17.2.202. MPI_Ialltoallv

MPI_Alltoallv, MPI_Ialltoallv, MPI_Alltoallv_init - All processes send different amount of data to, and receive different amount of data from, all processes

17.2.202.1. SYNTAX

17.2.202.1.1. C Syntax

#include <mpi.h>

int MPI_Alltoallv(const void *sendbuf, const int sendcounts[],
     const int sdispls[], MPI_Datatype sendtype,
     void *recvbuf, const int recvcounts[],
     const int rdispls[], MPI_Datatype recvtype, MPI_Comm comm)

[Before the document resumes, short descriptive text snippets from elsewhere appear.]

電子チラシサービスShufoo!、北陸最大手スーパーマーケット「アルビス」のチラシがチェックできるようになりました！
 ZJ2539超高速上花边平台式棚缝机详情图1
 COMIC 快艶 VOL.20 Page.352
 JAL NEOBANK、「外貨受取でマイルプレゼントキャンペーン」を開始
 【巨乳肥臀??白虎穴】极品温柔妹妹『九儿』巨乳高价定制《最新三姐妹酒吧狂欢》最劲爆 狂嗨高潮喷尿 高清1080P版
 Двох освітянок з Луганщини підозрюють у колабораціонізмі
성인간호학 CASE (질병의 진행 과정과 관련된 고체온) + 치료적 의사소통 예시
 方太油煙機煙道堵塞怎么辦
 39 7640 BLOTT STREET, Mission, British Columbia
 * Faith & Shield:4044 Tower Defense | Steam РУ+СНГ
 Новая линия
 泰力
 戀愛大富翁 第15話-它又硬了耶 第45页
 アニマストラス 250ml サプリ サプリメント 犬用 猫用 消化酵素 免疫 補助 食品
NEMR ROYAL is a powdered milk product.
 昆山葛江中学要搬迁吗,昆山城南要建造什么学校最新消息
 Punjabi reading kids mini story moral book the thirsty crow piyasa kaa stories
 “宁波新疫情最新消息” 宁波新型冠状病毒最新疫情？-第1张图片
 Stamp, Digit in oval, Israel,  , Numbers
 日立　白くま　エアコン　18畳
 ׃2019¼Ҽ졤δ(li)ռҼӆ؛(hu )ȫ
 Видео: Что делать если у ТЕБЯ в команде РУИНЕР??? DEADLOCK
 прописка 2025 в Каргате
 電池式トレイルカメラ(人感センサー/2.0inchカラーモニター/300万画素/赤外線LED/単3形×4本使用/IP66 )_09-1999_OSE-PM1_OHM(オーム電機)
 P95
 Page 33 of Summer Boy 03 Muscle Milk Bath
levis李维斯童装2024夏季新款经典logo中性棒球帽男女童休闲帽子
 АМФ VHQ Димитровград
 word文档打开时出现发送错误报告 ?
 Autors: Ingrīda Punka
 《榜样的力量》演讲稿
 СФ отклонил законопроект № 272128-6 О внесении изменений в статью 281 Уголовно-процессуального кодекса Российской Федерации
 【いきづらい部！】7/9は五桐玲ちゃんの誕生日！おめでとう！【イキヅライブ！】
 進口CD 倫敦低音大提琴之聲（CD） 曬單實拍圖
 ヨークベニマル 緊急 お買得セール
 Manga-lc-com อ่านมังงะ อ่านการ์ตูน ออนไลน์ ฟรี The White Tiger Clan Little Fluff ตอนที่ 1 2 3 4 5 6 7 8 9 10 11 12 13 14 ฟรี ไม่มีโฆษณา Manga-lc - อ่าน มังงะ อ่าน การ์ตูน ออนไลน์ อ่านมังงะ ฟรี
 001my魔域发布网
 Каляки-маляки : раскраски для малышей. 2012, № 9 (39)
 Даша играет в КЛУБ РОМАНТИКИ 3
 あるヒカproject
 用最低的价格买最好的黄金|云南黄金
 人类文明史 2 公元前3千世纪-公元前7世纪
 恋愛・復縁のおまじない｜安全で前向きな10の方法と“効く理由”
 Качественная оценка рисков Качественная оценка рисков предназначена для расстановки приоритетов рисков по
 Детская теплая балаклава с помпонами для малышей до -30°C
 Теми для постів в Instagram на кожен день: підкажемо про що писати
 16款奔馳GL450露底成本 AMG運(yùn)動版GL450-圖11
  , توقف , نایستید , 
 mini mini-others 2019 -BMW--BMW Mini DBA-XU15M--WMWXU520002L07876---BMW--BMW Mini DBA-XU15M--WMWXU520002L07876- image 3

int MPI_Ialltoallv(const void *sendbuf, const int sendcounts[],
     const int sdispls[], MPI_Datatype sendtype,
     void *recvbuf, const int recvcounts[],
     const int rdispls[], MPI_Datatype recvtype, MPI_Comm comm,
     MPI_Request *request)

int MPI_Alltoallv_init(const void *sendbuf, const int sendcounts[],
     const int sdispls[], MPI_Datatype sendtype,
     void *recvbuf, const int recvcounts[],
     const int rdispls[], MPI_Datatype recvtype, MPI_Comm comm,
     MPI_Info info, MPI_Request *request)

17.2.202.1.2. Fortran Syntax

USE MPI
! or the older form: INCLUDE 'mpif.h'
MPI_ALLTOALLV(SENDBUF, SENDCOUNTS, SDISPLS, SENDTYPE,
     RECVBUF, RECVCOUNTS, RDISPLS, RECVTYPE, COMM, IERROR)

     <type>  SENDBUF(*), RECVBUF(*)
     INTEGER SENDCOUNTS(*), SDISPLS(*), SENDTYPE
     INTEGER RECVCOUNTS(*), RDISPLS(*), RECVTYPE
     INTEGER COMM, IERROR

MPI_IALLTOALLV(SENDBUF, SENDCOUNTS, SDISPLS, SENDTYPE,
     RECVBUF, RECVCOUNTS, RDISPLS, RECVTYPE, COMM, REQUEST, IERROR)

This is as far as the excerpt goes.